### EXERCISE GOAL
Each line below should be repeated exactly as written, with no pictures carried over.

MATERIAL FOR THIS TASK: Begin

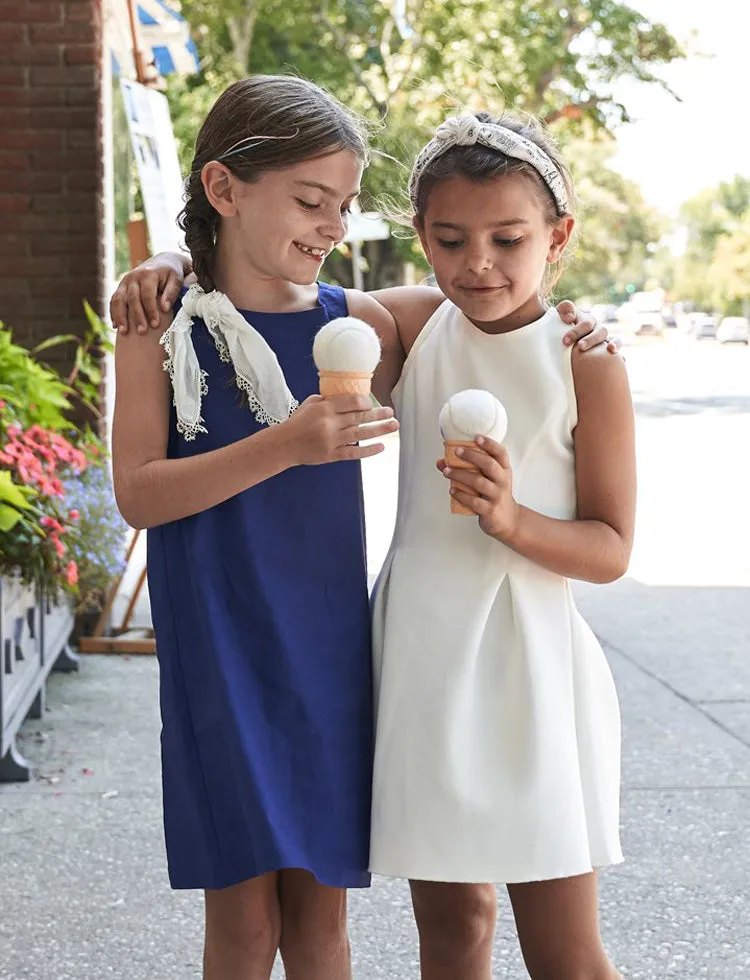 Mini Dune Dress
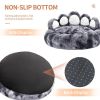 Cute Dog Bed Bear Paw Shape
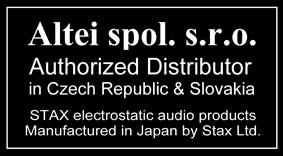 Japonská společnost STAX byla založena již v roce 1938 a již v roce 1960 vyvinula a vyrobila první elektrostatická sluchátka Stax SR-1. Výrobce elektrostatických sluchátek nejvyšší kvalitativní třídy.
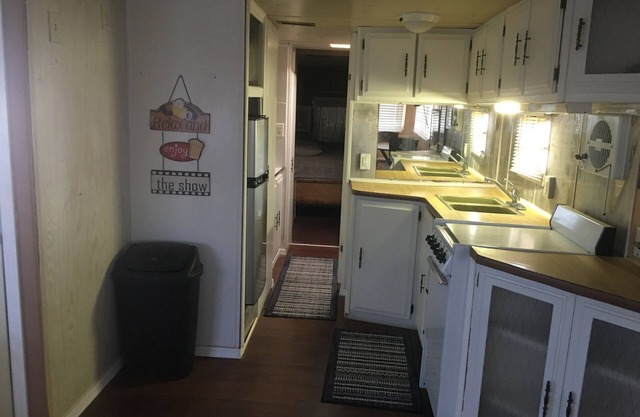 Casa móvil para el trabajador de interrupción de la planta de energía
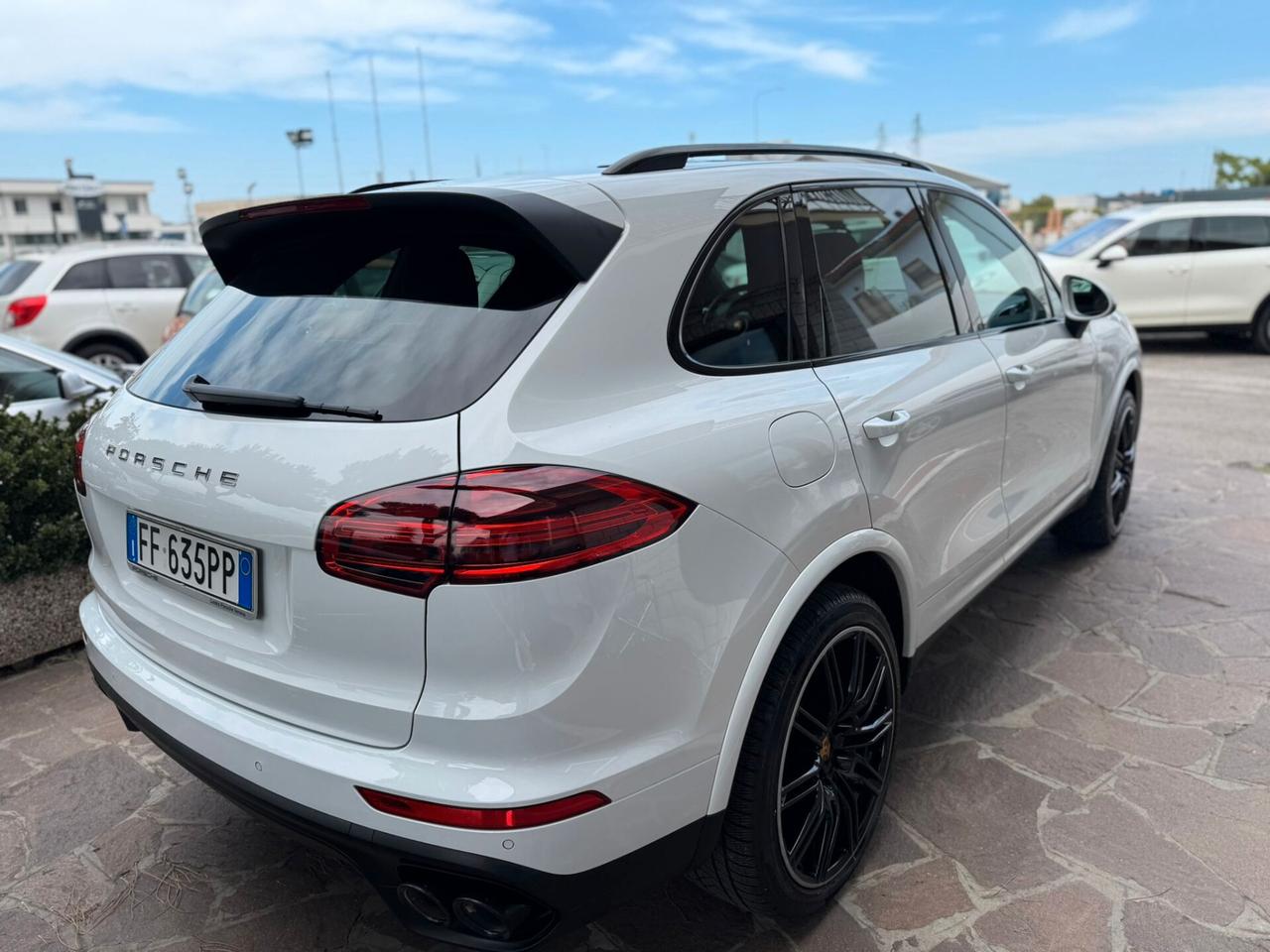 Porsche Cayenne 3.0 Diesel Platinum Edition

MATERIAL FOR THIS TASK: End

### WRITTEN SOLUTION
 Mini Dune Dress
 Cute Dog Bed Bear Paw Shape
 Japonská společnost STAX byla založena již v roce 1938 a již v roce 1960 vyvinula a vyrobila první elektrostatická sluchátka Stax SR-1. Výrobce elektrostatických sluchátek nejvyšší kvalitativní třídy.
 Casa móvil para el trabajador de interrupción de la planta de energía
 Porsche Cayenne 3.0 Diesel Platinum Edition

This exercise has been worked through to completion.